— Хоть раз Мы лгали?
— Ну… нет, — вытянула она.
— Не сомневайтесь.
— М-да, наверное, я несу какую-то чушь. Простите. — Девушка извинительно втянула губки, встала и взглянула на Сцеволу. Неощутимый жар поплыл со стороны уравновешенного, как течение времени, моря; руки и шея Сцеволы вспотели. Одновременно с этим Юстиния закончила мысль. — Вы ответили на мою просьбу, а тогда на кладбище… я вела себя не учтиво. Знаю, уже благодарила, но… спасибо, Ваша Светлость. Вернуть сестрёнку вы не вернёте, но сочувствие очень дорого мне.
Гортань сковало. Магистру пришлось вернуться в то теплохладное расположение духа, которого он придерживался во время публичных выступлений.

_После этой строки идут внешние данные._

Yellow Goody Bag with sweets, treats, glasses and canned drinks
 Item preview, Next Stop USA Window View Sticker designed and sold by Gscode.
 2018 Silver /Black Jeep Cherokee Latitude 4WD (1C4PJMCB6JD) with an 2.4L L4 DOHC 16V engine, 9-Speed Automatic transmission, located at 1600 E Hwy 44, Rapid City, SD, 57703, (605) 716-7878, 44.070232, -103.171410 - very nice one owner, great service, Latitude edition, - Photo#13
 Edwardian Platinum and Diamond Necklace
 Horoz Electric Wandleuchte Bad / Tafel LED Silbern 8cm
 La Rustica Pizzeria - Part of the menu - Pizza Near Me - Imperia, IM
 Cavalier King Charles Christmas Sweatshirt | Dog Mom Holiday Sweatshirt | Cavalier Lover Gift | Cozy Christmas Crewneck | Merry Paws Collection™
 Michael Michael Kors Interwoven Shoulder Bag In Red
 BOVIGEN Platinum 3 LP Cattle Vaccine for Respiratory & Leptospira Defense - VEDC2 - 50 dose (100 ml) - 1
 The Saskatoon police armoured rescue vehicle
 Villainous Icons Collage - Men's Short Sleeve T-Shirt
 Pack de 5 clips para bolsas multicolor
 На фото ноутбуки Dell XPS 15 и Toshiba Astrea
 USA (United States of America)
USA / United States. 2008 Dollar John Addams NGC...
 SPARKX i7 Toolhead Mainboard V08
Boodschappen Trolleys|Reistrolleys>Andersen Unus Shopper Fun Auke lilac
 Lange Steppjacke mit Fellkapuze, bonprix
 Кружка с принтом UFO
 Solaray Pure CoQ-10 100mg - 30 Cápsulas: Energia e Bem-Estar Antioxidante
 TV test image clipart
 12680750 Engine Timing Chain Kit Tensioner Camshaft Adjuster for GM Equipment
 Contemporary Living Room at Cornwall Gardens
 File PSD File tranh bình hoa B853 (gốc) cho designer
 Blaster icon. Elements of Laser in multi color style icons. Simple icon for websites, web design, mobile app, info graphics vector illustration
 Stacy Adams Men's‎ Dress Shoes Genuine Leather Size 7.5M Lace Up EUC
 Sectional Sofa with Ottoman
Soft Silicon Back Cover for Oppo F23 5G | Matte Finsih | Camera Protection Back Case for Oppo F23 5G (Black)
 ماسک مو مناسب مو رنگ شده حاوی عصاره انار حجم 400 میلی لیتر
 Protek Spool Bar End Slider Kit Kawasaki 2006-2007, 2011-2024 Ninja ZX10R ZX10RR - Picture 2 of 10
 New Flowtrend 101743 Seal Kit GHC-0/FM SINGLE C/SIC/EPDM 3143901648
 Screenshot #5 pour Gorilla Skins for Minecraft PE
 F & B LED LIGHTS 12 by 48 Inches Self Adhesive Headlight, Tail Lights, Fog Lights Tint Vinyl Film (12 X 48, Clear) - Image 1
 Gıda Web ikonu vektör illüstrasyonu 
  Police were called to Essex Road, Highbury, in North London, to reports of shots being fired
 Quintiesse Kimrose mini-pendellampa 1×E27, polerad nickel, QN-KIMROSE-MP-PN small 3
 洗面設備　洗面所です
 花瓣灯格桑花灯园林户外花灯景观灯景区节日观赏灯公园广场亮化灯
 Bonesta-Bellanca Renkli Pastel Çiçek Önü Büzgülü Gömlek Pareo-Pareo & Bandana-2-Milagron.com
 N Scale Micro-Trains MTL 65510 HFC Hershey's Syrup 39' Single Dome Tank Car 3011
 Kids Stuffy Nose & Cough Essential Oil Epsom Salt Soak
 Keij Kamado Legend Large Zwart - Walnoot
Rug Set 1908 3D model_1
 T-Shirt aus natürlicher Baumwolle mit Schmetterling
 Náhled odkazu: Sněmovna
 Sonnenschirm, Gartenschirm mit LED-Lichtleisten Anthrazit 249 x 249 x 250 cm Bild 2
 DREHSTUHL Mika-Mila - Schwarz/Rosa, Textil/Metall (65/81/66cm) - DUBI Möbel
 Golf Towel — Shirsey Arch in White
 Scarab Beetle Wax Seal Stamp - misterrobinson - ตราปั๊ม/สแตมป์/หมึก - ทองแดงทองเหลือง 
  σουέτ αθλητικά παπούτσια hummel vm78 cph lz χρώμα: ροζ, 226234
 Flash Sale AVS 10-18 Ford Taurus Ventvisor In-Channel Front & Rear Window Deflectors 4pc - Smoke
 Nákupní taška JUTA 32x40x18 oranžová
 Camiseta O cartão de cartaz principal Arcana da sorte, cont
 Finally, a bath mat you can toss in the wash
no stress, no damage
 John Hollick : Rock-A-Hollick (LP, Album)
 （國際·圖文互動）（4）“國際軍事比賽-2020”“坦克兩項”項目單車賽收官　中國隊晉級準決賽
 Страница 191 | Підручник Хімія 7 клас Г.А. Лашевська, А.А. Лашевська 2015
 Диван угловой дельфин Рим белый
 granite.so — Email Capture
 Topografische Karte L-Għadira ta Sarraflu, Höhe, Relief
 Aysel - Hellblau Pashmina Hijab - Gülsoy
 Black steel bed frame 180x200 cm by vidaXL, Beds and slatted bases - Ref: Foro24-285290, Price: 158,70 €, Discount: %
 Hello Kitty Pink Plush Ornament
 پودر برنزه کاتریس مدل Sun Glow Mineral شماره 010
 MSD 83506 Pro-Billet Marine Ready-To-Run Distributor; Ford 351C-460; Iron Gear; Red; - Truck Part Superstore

— Дожидайтесь матери, сиятельная. Не думайте о плохом. — Всё равно прозвучало нечётко, кончик языка прилип к нёбу, и мастер ораторского искусства ничего не мог с собой поделать. Свет полной луны, которую не заслонили напирающие с запада тучи, нашёл пристанище в глазах Юстинии — будь он человеком, он был бы самым счастливым из смертных.
Кошмарный Нечестивец вышел на грешную землю, чтобы снова одержать верх над магистром, но не с помощью бутафорного меча, а доселе незнакомым оружием. «Участь твоя, Нечестивец, в пустоте!» — воспротивился он.
— Ваша матушка самое дорогое, что… у вас есть. Кроме, конечно же, вашей жизни.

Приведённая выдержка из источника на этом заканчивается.